DE LA HOYA: PO UDERZENIU ORTIZA WILDER JUŻ BY SIĘ NIE PODNIÓSŁ

Redakcja, LA Times

2015-10-25

Luis Ortiz (23-0, 20 KO) staje się powoli ulubieńcem Oscara De La Hoyi i jego nadzieją na podbój królewskiej kategorii. Kubańczyk ma już na koncie pas federacji WBA w wersji tymczasowej, a w pierwszej obronie spotka się 19 grudnia w Turning Stone Resort & Casino w Veronie z bardzo mocnym Bryantem Jenningsem (19-1, 10 KO). Ale szef stajni Golden Boy Promotions sięga myślami już znacznie dalej.

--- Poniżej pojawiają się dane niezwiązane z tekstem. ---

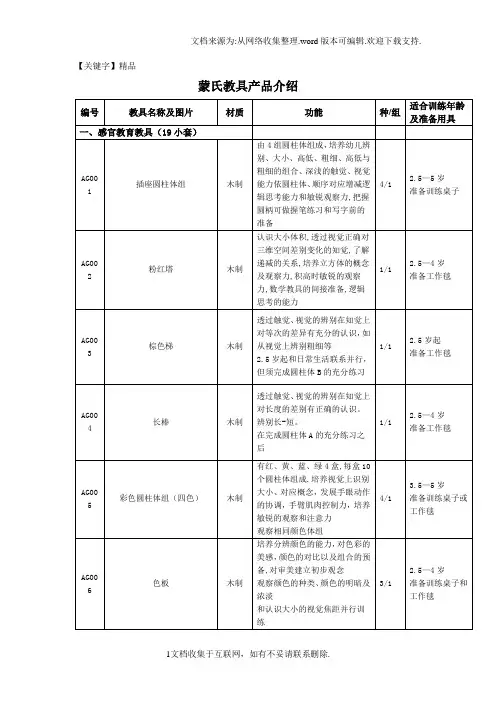 【精品】蒙氏教具使用介绍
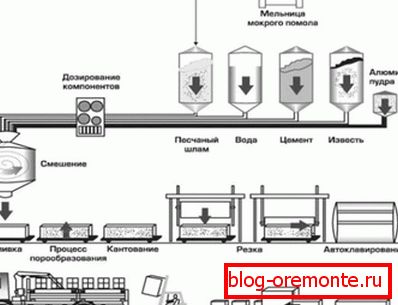 Itt láthatja a teljes folyamatábrát az adagolásról a terhelésig. Itt láthatja a teljes folyamatábrát az adagolásról a terhelésig.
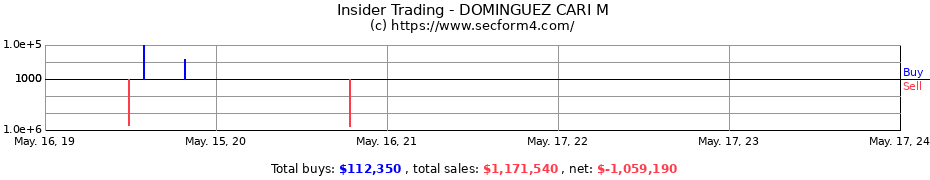 Insider Trading Transactions for DOMINGUEZ CARI M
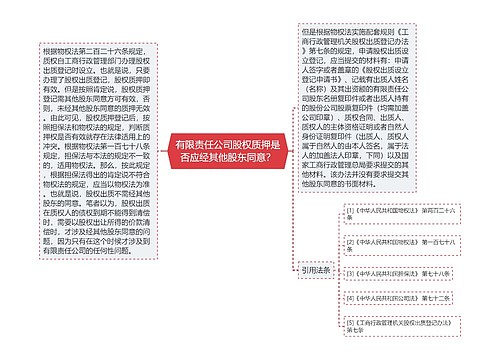 有限责任公司股权质押是否应经其他股东同意？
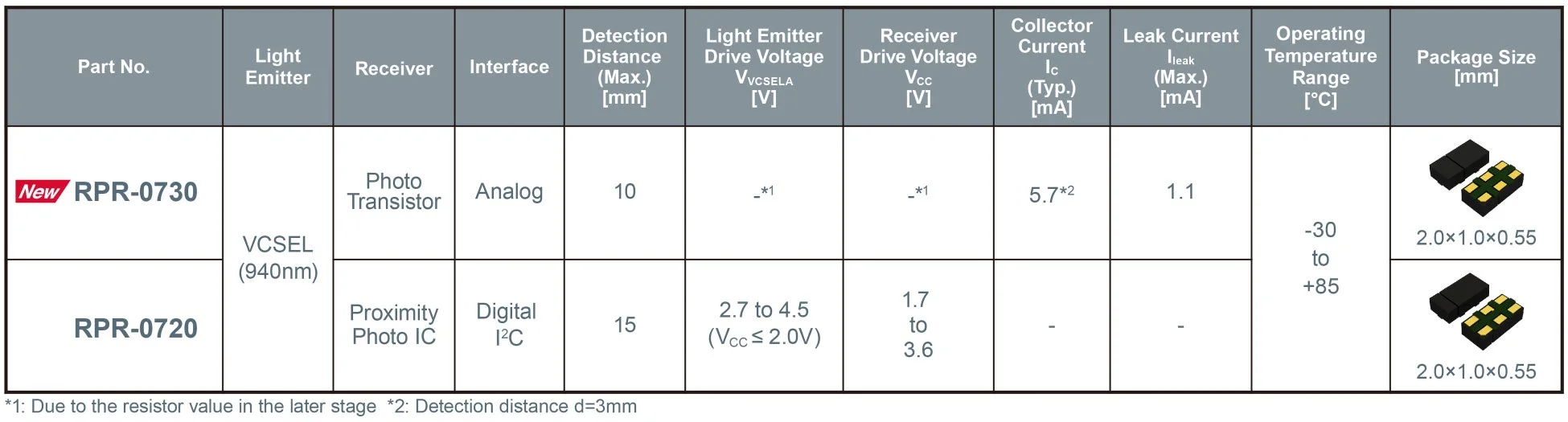 RPR-0730とRPR-0720のスペック比較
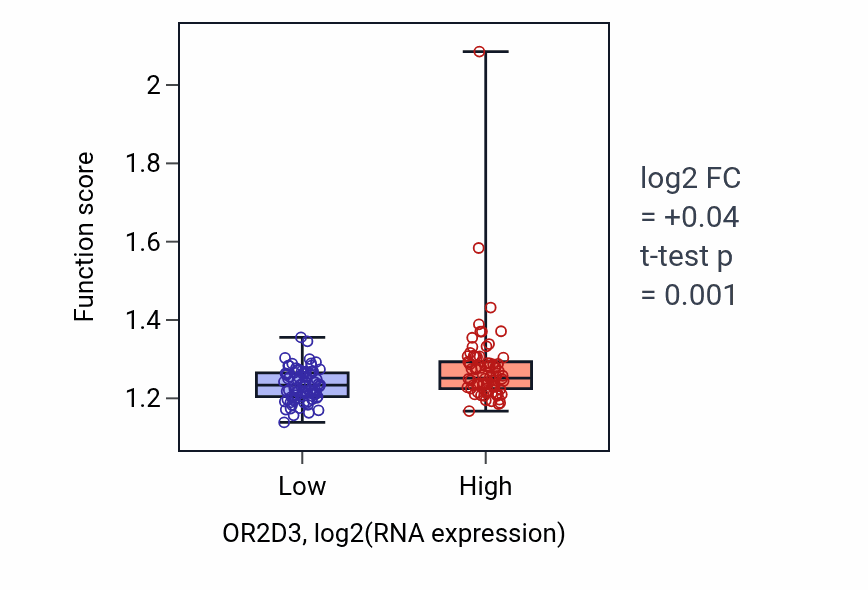 Box plot of Regulation of telomere maintenance via telomere lengthening in OR2D3-low vs OR2D3-high samples in ESCA.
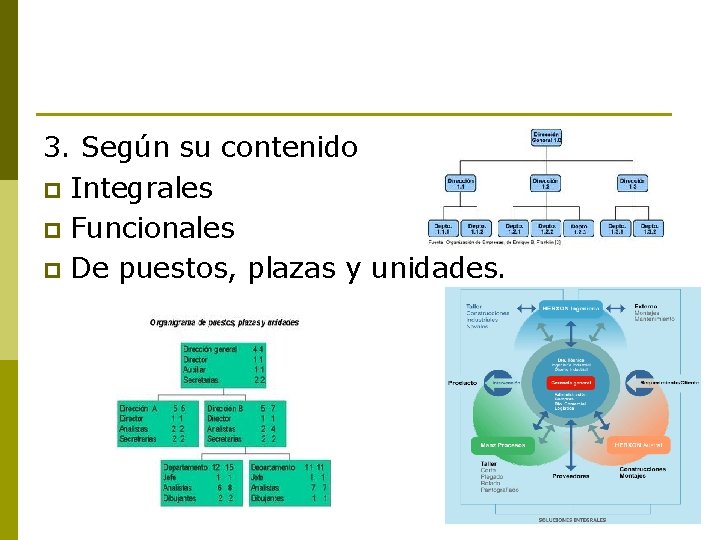 3. Según su contenido p Integrales p Funcionales p De puestos, plazas y unidades.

Pełnoprawnymi mistrzami są obecnie Władimir Kliczko (WBA/WBO/IBF) oraz Deontay Wilder (WBC) i właśnie z jednym z nich swojego zawodnika chciałby skonfrontować "Złoty Chłopiec".

- Ortiz już dziś sprawiłby ogromne problemy każdemu na świecie. Chcielibyśmy walczyć z Wilderem, ale wiemy dobrze o tym, że ten nie odważy się na taki krok i nigdy z nami się nie spotka. Wiecie czemu? Bo gdyby Luis trafił go po raz pierwszy, to on już by się nie podniósł - przekonuje De La Hoya.

- Wzięliśmy więc pojedynek z Jenningsem, który będzie dla nas doskonałym testem i sprawdzianem. Jeżeli Ortiz zdoła go znokautować, czego nie zrobił nawet Kliczko, wówczas będziemy mieli do czynienia z prawdziwym pretendentem. W razie wygranej z Jenningsem będziemy polować na starcie z Kliczką - dodał promotor Kubańczyka.